Huge potential for Nordic co-operation on tourism

18.03.19 | News
Islands turismminister Þórdís Kolbrún R. Gylfadóttir och Sigrún Brynja Einarsdóttir, som skrivit turismrapporten.
Photographer
Þórir Hrafnsson

On 27 March, Ragnheiður Elín Árnadóttir presented a report to Iceland’s Minister for Tourism Þórdís Kolbrún Reykfjörð Gylfadóttir.

 

A new report commissioned by the Nordic Council of Ministers states that the Nordic countries have a lot to gain from working together in the field of tourism. Areas in which co-operation may be beneficial include innovation, digitalisation, and marketing.

The analysis was conducted by Iceland’s former minister for business and industry Ragnheiður Elín Árnadóttir, who puts forward a number of proposals for how co-operation could be strengthened. The report should be seen as a basis for the forthcoming Nordic tourism plan, which is due to be launched later this year.

Tourism is a priority area in the Nordic Council of Ministers, and co-operation in tourism will be high on the agenda when the Nordic ministers for business meet in Iceland in June.

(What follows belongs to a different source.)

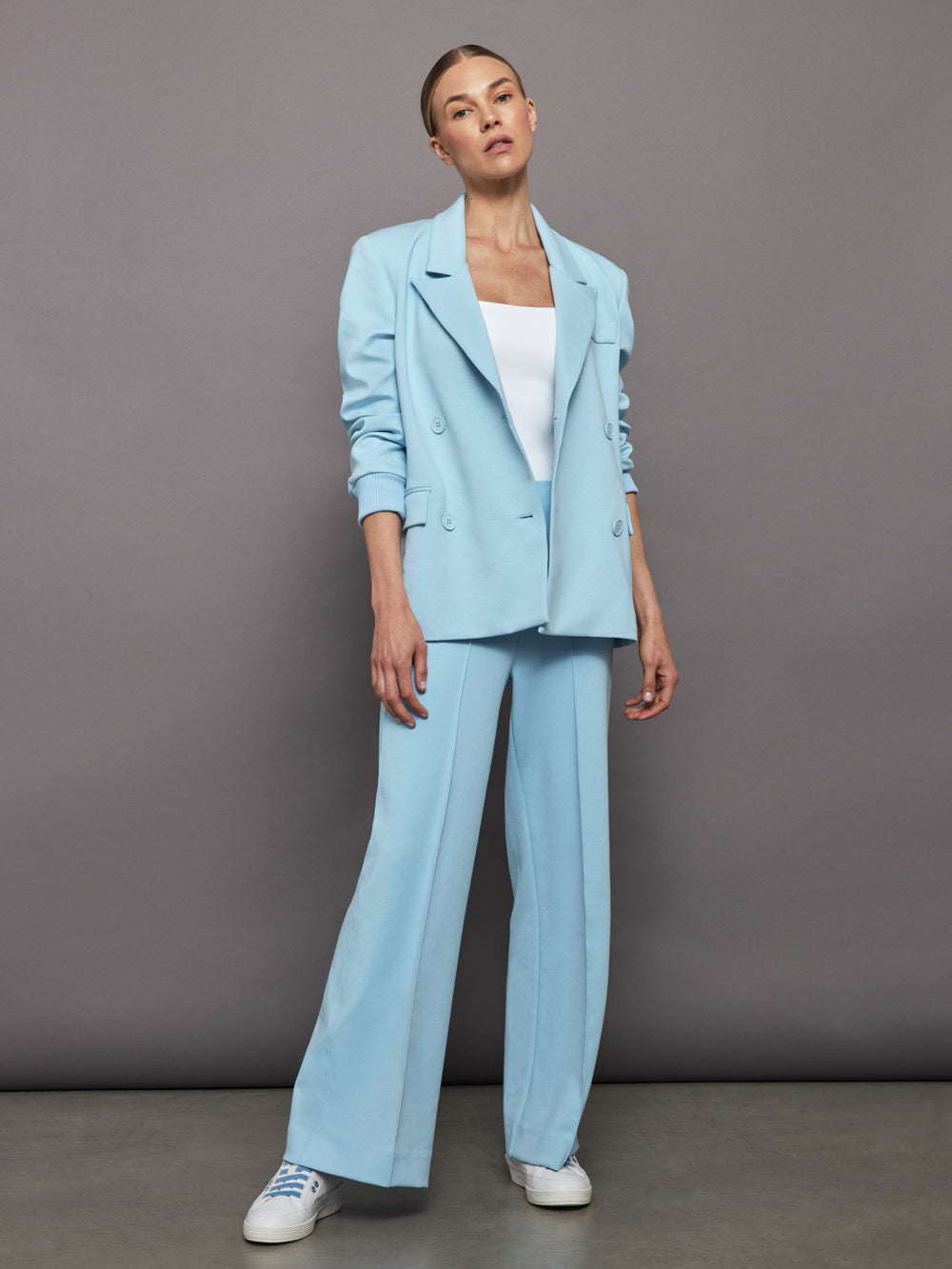 Oversized Blazer with Cuffs - Quiet Tide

In her report, Árnadóttir highlights sustainable tourism as one area in which closer co-operation would be beneficial, and in which the challenges are largely the same throughout the region. She proposes a Nordic roadmap with measurable and ambitious targets for sustainable tourism. In addition, she calls for clear goals and priorities for Nordic politicians with regard to co-operation on sustainable tourism. 

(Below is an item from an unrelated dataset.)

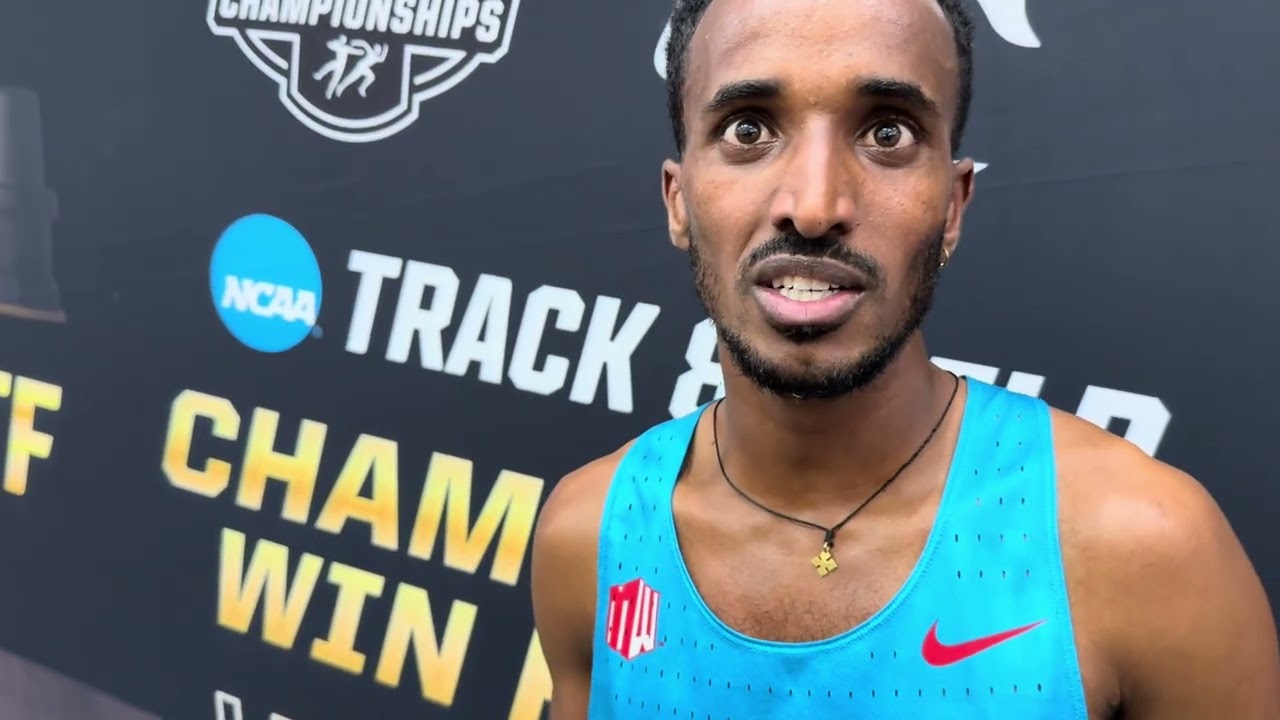Хэбтом Сэмюэл о физическом завершении финала чемпионата NCAA по бегу на 3000 метров в 2026 году.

Co-operation would add value

Árnadóttir highlights digitalisation as a key co-operation area. She proposes the creation of a forum tasked with developing new ideas within digital tourism, focusing on things like smart destinations. In addition, Árnadóttir wants to see more collaboration on statistics and mobile data.

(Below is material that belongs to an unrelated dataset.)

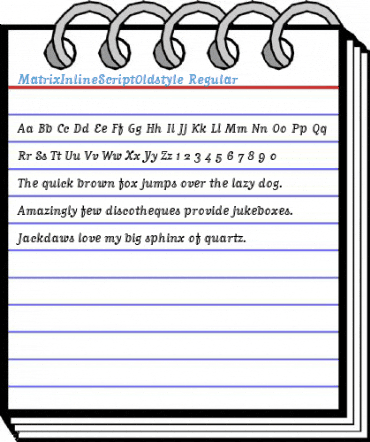 MatrixInlineScriptOldstyle Regular Font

She emphasises that co-operation must be effective, relevant, and add value. Árnadóttir wants more than for co-operation to be merely a matter of form, and proposes the use of existing structures as a foundation.

“Many challenges within the field of tourism are shared by all countries, so there’s much to gain from working together. In my analysis efforts, I could clearly see that there is both an interest and a need for increased Nordic co-operation in the tourism sector. The countries can learn a lot from each other,” says Árnadóttir.